4. Cyber Threat/Risks Analysis in EVCS

There is growing concern that EVs may adversely affect power grid reliability due to their unpredictable charging behavior. Some potential attacks on the PEV charging systems have been addressed [36] and discussed in Section 3. The potential negative effects of PEVs integrated components, including a risk to the general public’s safety for nearby residents and those operating nearby vehicles, have been highlighted. The prevalence of cyberattacks against EVs is growing. More charging stations provide more potential targets for cyberattacks on EVs. A hacker could exploit many security holes across brands to gain unauthorized access to user accounts, disrupt charging, or even transform one of the chargers to gain access to an owner’s home network [37].

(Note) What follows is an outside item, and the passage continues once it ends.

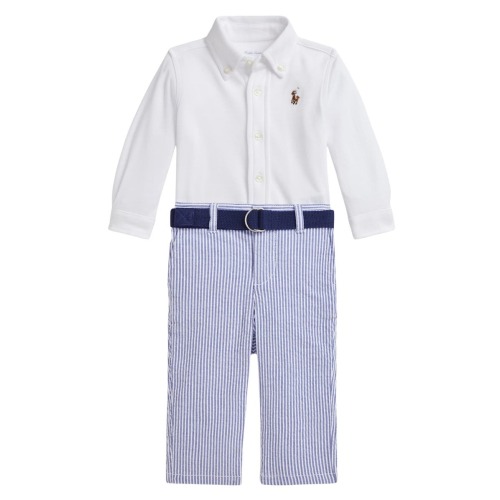 Cotton Button-Up Shirt, Stripe Pants & Belt Set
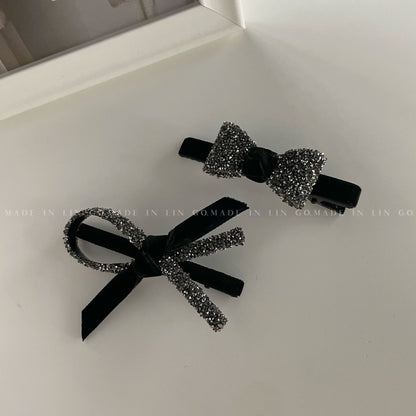 鋯石蝴蝶結交叉髮夾－蝴蝶結款實拍｜https://igowo.tw/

4.1. Charging System Threat Analysis

The battery management system of an EV is vulnerable to attack if an attacker gains access to it through a hacked website or by downloading malware to the EVs systems. Researchers have addressed how attackers might harm EV batteries by altering the charging current and avoiding safeguards [38]. Infrastructure for EVs is inherently vulnerable since IoT devices use various web-based communication and application services [4]. In haste to get their products to market quickly and at a lower cost, operators and manufacturers sometimes compromise on security. The safe functioning of EVs charging is deemed crucial for the security of the new smart grid because of the interconnected nature of the EVs infrastructure and the power grid. The United States Department of Transportation has identified the following as some of the security concerns related to the EV charging ecosystem, and these concerns are discussed in detail [36]:
  • The EVs sector needs safer software development practices.
  • Communication between EVs and EVCSs is not standardized on a secure communication protocol.
  • Insufficient data integrity controls and cybersecurity monitoring systems exist.
  • While the physical characteristics of EVCSs vary, many are easily accessible and modifiable.
A proposal from the National Institute of Standards and Technology (NIST) identifying attacks [39] on the EVs infrastructure is summarized in (Figure 11) as follows:
(1)
Physical Attack: Due to its lack of physical protection, EVCSs are vulnerable to attacks that disable the system, steal power, or infect it with malware via accessible USB ports.
(2)
Logical Attack: The EVCSs are compromised in such an attack by exploiting a flaw in the firmware, which allows the attacker to acquire logical access to the system. Some suppliers’ firmware upgrades, including those released by Schneider Electric, may be downloaded from the Internet and dissected by attackers to discover security flaws and potential entry points [32]. Kaspersky laboratories could also crack the Charge Point home charger firmware by local attack [40].
(3)
Partially controlled Remote Attack: Local Area Networks at charging points may be used by attackers to gain access to the EVCSs. Weak authentication and outdated encryption methods are typical of such systems. Over the charging line, the EVs and EVCSs communicate via a series of protocols, which leaves the system open to attack.
(4)
Fully controlled Remote Attack: Users of EVs interact with the EVs management system through an online user interface. Such interaction opens potential vulnerabilities, whether a website or a mobile application.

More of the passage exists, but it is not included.